Negli spogliatoi le due nazionali hanno cercato di non perdere ritmo e concentrazione, restando confinate per quasi due ore senza avere notizie certe. Alla fine Mbappé è andato a verificare le condizioni del campo e si è anche arrabbiato con gli inservienti che stavano pulendo il campo, accusati di aver pulito a dovere soltanto la zona in cui avrebbe dovuto attaccare l'Iraq lasciando molte pozze nella metà avversaria. La Francia è riuscita a vincere per 3-0 nonostante le distrazioni, ottenendo l'accesso ai sedicesimi con un turno d'anticipo.

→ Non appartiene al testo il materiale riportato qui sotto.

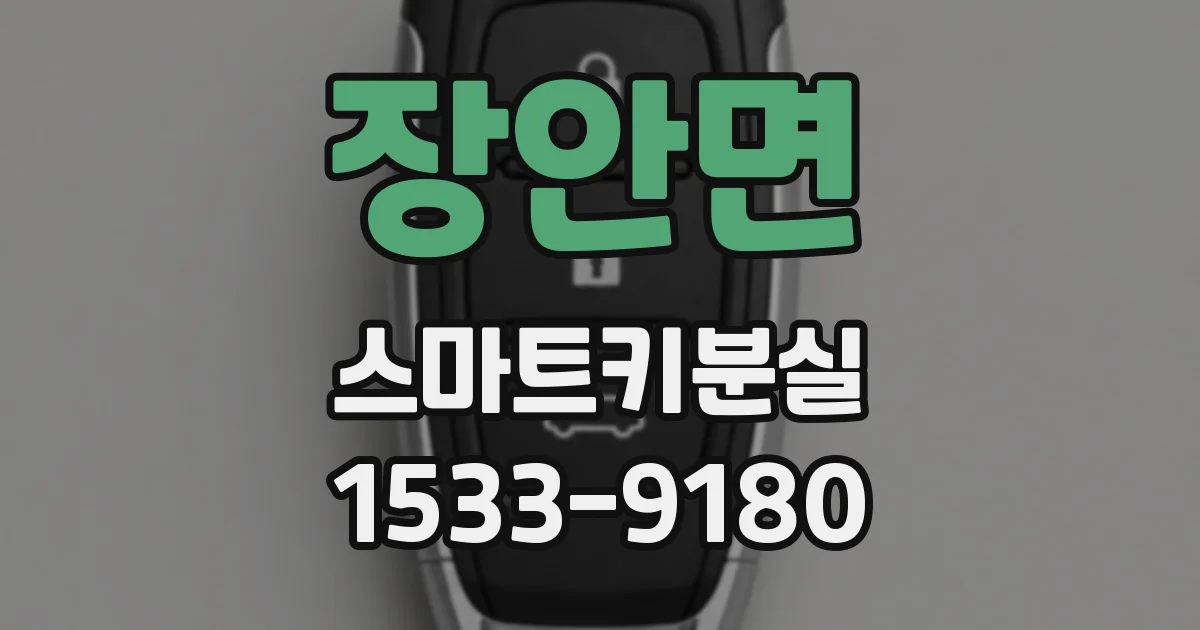 장안면 스마트키분실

Francia e Iraq chiuse negli spogliatoi per due ore
È stata una partita infinita a causa del nubifragio che si è abbattuto sullo stadio, un rischio che i giocatori sapevano di correre perché era stato ampiamente previsto. Non avrebbero mai immaginato però di dover attendere due ore negli spogliatoi, dato che in questi casi la gara viene rimandata di mezz'ora alla volta finché non ritornano le condizioni per giocare in sicurezza. È un tempo lunghissimo, che spezza il ritmo della partita e può deconcentrare, ma Koundé ha raccontato come hanno fatto a mantenere la calma: "Abbiamo vissuto la situazione con molta incertezza perché non avevamo informazioni su quando e in quali condizioni avremmo ripreso a giocare. Abbiamo cercato di rimanere in forma e attivi facendo la cyclette e gli esercizi di mobilità. Abbiamo capito che ci sarebbe voluto un po' più di tempo. Quando abbiamo saputo l'orario, abbiamo avuto il tempo di ritrovare la concentrazione, riscaldarci e ripartire".

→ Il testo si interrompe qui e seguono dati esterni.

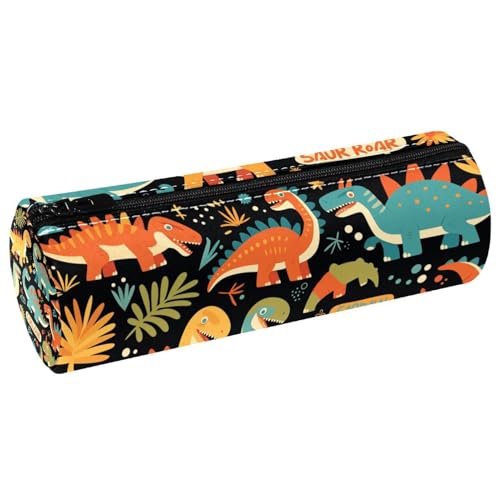 EJFICAHG Stiftetasche Bunte Dinosaurier Mit Wörtern Federmäppchen Schreibwarenetui Stifteetui Kosmetiktasche Kosmetiktasche Kosmetiktasche von EJFICAHG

I francesi si sono tenuti allenati negli spogliatoi, ma una volta tornati in campo hanno avuto da ridire con le condizioni del terreno di gioco. Mbappé è andato a protestare con gli addetti alla pulizia che stavano eliminando le ultime pozzanghere: alcuni tifosi lo hanno ripreso mentre discuteva con loro, dava indicazioni e calpestava il prato per testarlo visibilmente infastidito. Poi nel post partita ha spiegato il piccolo inconveniente: "La zona in cui attaccavamo era allagata, ma hanno impiegato 20 minuti a pulire la zona in cui difendevamo e non l'altra. Questo è stato uno svantaggio, avrei voluto che dedicassero lo stesso tempo alla pulizia di entrambe le zone del campo. O, se proprio dovessi scegliere, pulire la zona d'attacco e rallentare il gioco dall'altra parte (ride ndr)".
Come funziona il protocollo per i temporali
Quando le due squadre sono rientrate negli spogliatoi non sapevano a che ora avrebbero potuto rimettere piede in campo. Sono passate due ore e in tutto la partita tra Francia e Iraq è durata 3 ore e 48 minuti, un tempo record in questi Mondiali dove situazioni del genere potrebbero ripetersi nelle prossime giornate. Il protocollo è scattato proprio all'intervallo: quando compare l'avviso tutti devono cercare riparo, lasciando immediatamemnte il campo e gli spalti per mettersi al coperto dal rischio fulmini e temporali.
Quando viene attivata la procedura di sicurezza si verificano le condizioni ogni 30 minuti. Passato questo tempo si decide se prolungare la sospensione o tornare in campo, in base all'avvistamento dell'ultimo fulmine o all'intensità del temporale che a Philadelphia è durato a lungo. I giocatori non vengono avvisati in anticipo e, come in questo caso, possono trascorrere anche due ore negli spogliatoi nella più totale incertezza finché il meteo non decide di dar loro una tregua.